En cierta ocasión al descender de un autobús, como preguntara al guarda por una dirección, un señor muy pulcro y comedido se adelantó y se ofreció gentilmente a acompañarme, pues iba en el mismo sentido. Marchamos así un momento juntos y el diálogo se entabló enseguida con la pregunta de siempre; ¿Es usted argentino? y luego la otra pregunta también de cajón: ¿Qué pasa en su país? Y sin esperar la respuesta continuó: La moneda argentina no se cotiza y es uno de los países más ricos del mundo. En algún momento pudieron llevarle todo el oro de su tesoro y dejado exhausto, pero la Argentina tiene recursos de sobra para reponerse en seguida: ¿Qué Pasa en su país?

- No sé qué pasa en mi tierra, Le contesté. No sé explicar estos fenómenos. Sólo los siento y me duelen. No entiendo de cotizaciones de monedas ni de acciones de sociedades anónimas. Sólo podría decirle a Ud. A cuánto se cotizaba un esclavo negro e informarle, además, si tiene usted paciencia y tiempo, de los amaños y trapicheos de los contrabandistas del Río de ¡a Plata en el siglo XVI.

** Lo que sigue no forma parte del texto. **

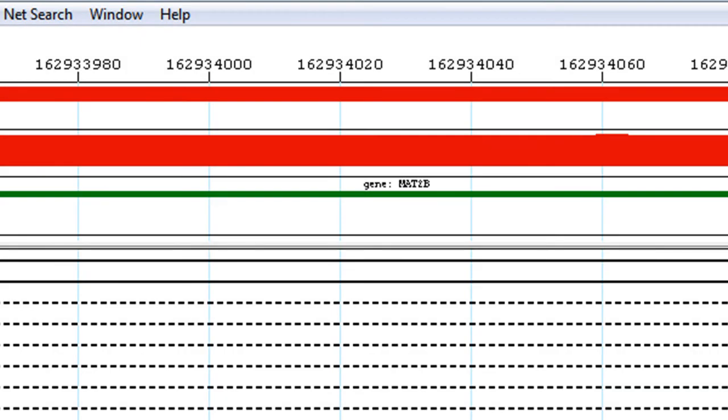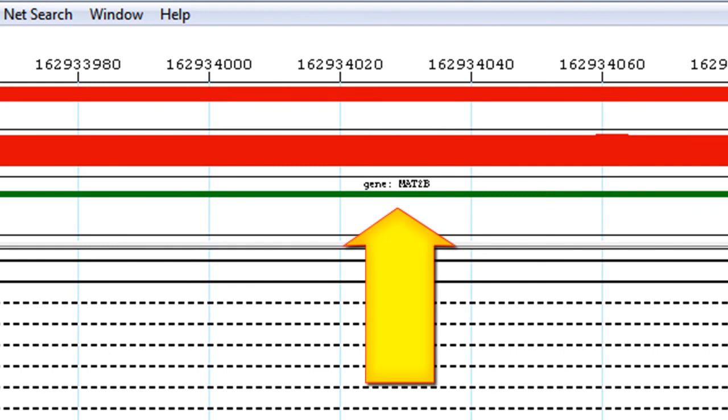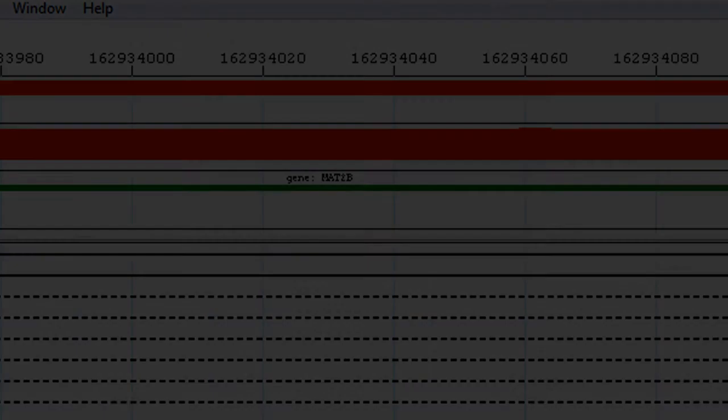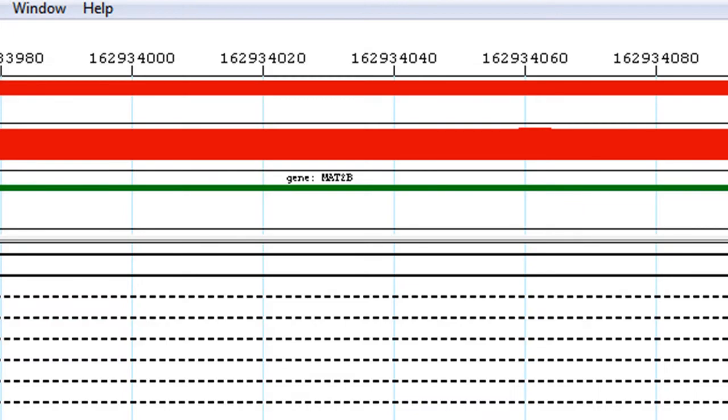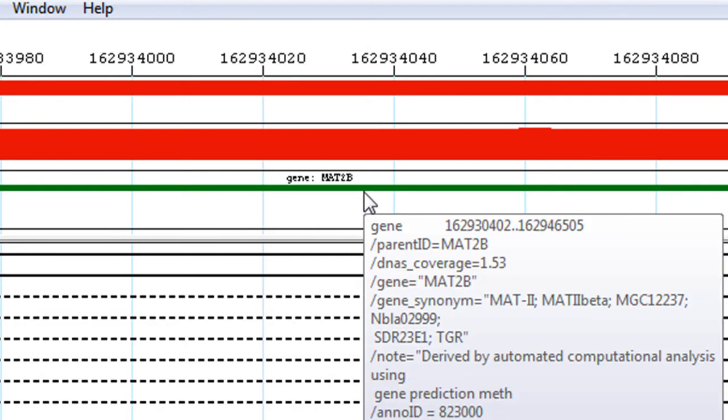Even more importantly, we can see the location of the viral integration site. In this case, it is located inside of the MAT2B gene. We can get more information about the gene by hovering over the feature.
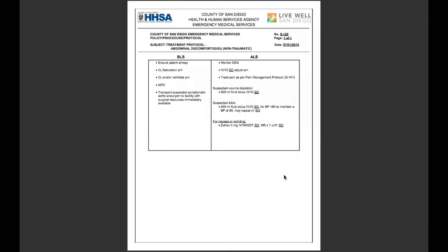Welcome to the protocol video series. Today we'll be talking about the abdominal discomfort S120 protocol for adult patients. This is a website version of the protocol.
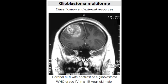Glioblastoma multiforme, also known as grade 4 astrocytoma, is the most common primary brain tumor. It is malignant with less than one year life expectancy, and it is found in the cerebral hemispheres.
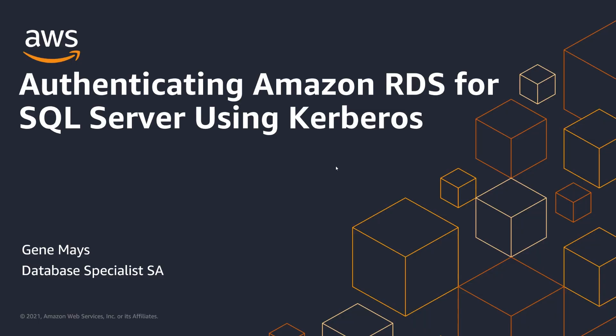My name is Gene Mays and I'm a database specialist solutions architect with AWS specializing in SQL Server. In today's video, we'll discuss Kerberos authentication, how it's used and why it's more secure, and how you could authenticate against your Amazon RDS for SQL Server instance. So let's go ahead and get started and take a deep dive into Kerberos and Amazon RDS for SQL Server.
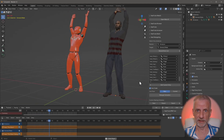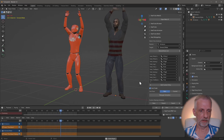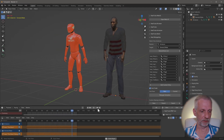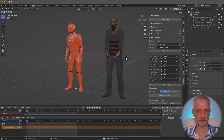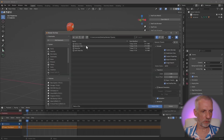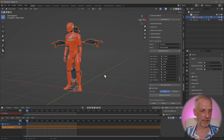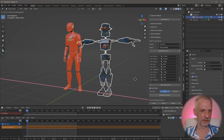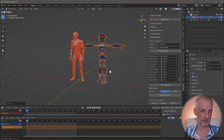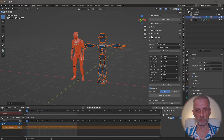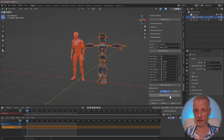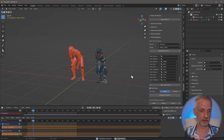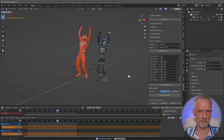This also works with other figures. Let me remove Darius and import the 3D Universe Clank robot - a completely arbitrary skeleton, not related to Genesis at all. Under Heat Retargeting, clear the target skeleton, pick Clank, build the bone list, click Retarget Animation, and then Clank can do the wave. Is that amazing or what?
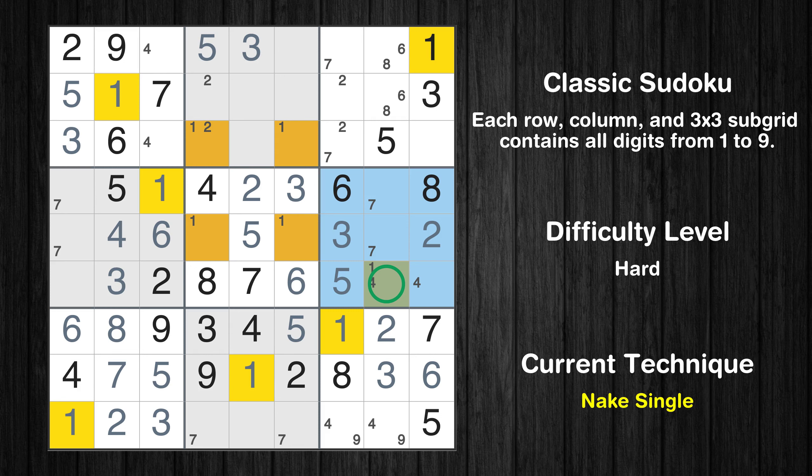Only 2 positions left in the 5th box where value 1 can be placed. There is an intersection with another region in subgrid 5; value 1 has to be in one of the marked cells, so it cannot be in any other cell in row 5. Only one position left in the 6th box where value 1 can be placed. Only one position left in the 6th box where value 4 can be placed.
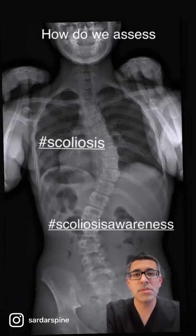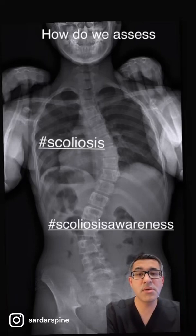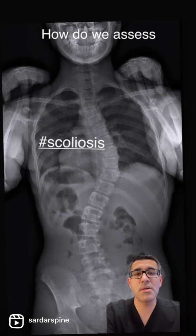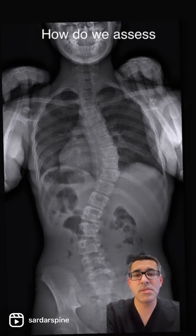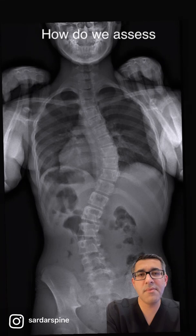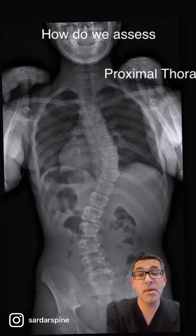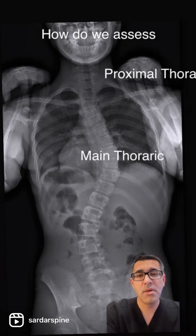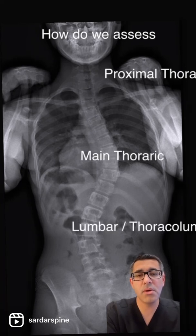We usually start assessment of the scoliosis X-rays by looking at the frontal plane first. Typically, in idiopathic scoliosis, patients will have three different types of curves: a proximal thoracic curve, a main thoracic curve, and a lumbar or thoracolumbar curve.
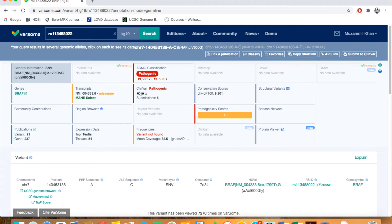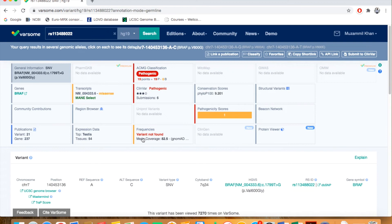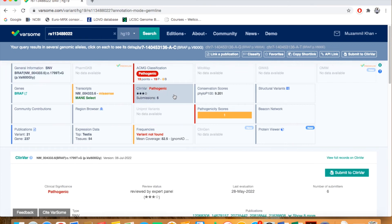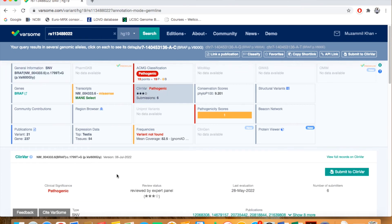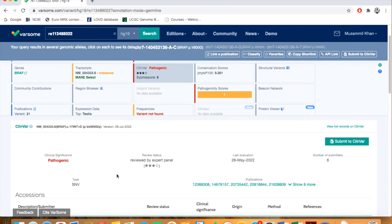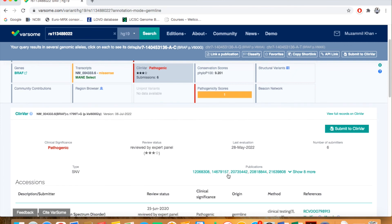This variant is reported in ClinVar. These are all the tabs, so if you click on a tab you will be directly navigated to the evidence information. For example, if you see 'variant not found,' you can click here and scroll down. You can see here that in ClinVar it is reported to be pathogenic.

Mi interlocutor me dirigió una sonrisa quizás de compasión y se despidió ¿Pero... y el otro Madrid? Ah El otro Madrid, para suerte y regocijo mío, todavía vive y bulle, pero hay que buscarlo. Pero antes, para ir en su busca con viene recordar el consejo que daba Gracián a los que visitaban España:

De tres cosas, decía, se han de guardar mucho en ella: de sus vinos que dementan, de sus soles que abrasan y de sus femeniles lunas que enloquecen.